The chassis incidentally is held in place by 4 self holding bolts and pulling way the 3 knobs.
I removed the mains dropper first, held by a long central bolt and 5 thermal sleeved wires that I un-bolted  and marked with a felt tip pen 1-5 with dots on the sleeves. All winding were faulty, the wire had mostly just fell away, but I managed to restore the 50 ohm across the dial light and I ordered a 20 watt 1K ohm and a 5 watt 80 & 50 ohms. I tried to fit them in the small space around the china dropper.
The 820 ohm was replaced with a 1k and I added to missing 50 ohm to the next section, making it now 100 ohm, the 80 I achieved with 2 x 39 ohms in series.

 I fitted the 25 watt, 1K ohm to the bolt hole on original dropper, taking care to insulate all wires with heat resisting fiber sleeve. I took a while to judge where it wouldn't be in the way of the loudspeaker and other internal parts, that's why it's best to remove and fix bridging resistors with care. I did try to rewind the original resistive wire, but it was too unstable and I gave up.Finding an original 70 year-old dropper was not an option, lol
I then cleaned the pins on all the valves with emery paper and the valve sockets with a small cleaning too added to my hand drill kit. The valves have high heater voltages because they are designed to be in series with each other and the adjustment for varying mains voltage is done withe the shunt mains dropper taps, as shown above. I found the 1/2 rectifier valve heater was open circuit and replaced that with one I found in a house clearance once.

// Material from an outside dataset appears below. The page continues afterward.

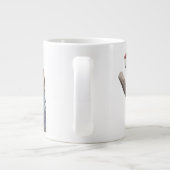 Colorful Macaw Parrot Waterverf Grote Koffiekop (Achterkant)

Then I applied the mains and great, she worked again, mains hum was getting louder as time went by so I replaced all the smoothers (bridged) with 400 volt modern minatures, lots of space underneath for them.

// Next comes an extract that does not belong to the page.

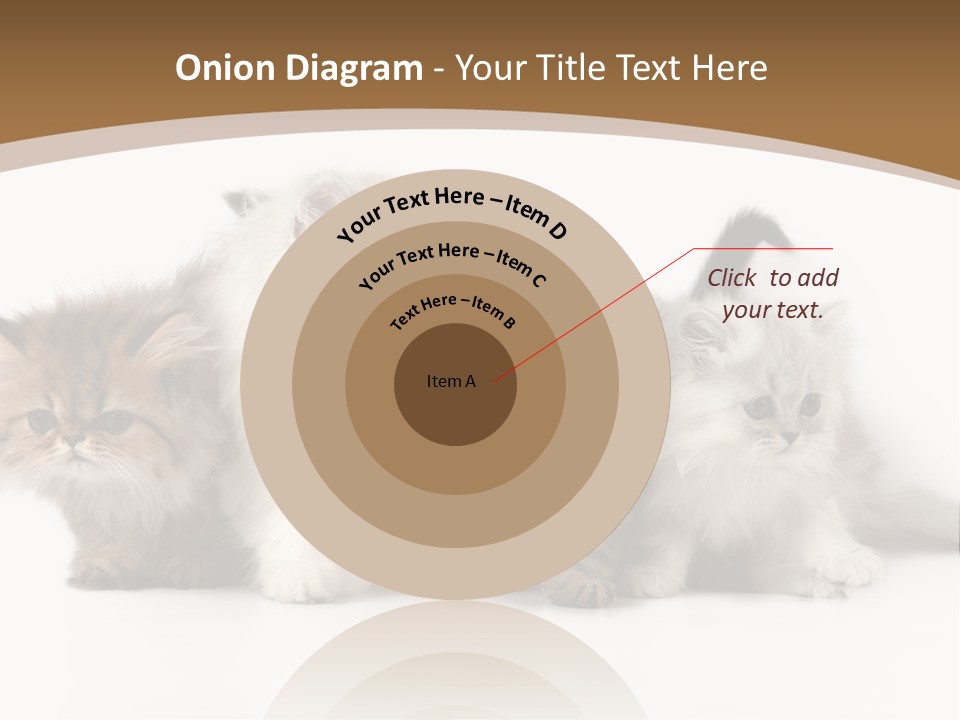 Furry Spotty Cat PowerPoint Template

A quick squirt of oil to the tuning vain ball bearings and the volume control, the 6.3 v dial light was faulty, so replaced that, I removed the glass tuning display and found the print was turning to dust, so avoided touching that, one wipe would have removed all text, so I just cleaned around the edges. The black background is not a good idea, I may change that to white and add another light on the left side later.

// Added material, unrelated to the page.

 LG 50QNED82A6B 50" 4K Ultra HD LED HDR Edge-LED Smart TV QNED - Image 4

The speaker was loaded with dust, removed with a tooth brush, one of the knobs had lost it's metal insert, so I improvised with a piece of plastic, was tight enough for the volume pot anyway.
 A built-in loop aerial helps bring in all the weaker stations on the dial, and non were found missing even longwave was very sensitive bringing in Paris in the evening. The one magic thing about valve radios is the lack of background noise between stations, just dead quiet. This is due to valves having a very good signal to noise ratio compared the the hissing transistor. I may do some more work on this when I feel the need, until then it looks lovely on my shelf and I'm a happy bunny.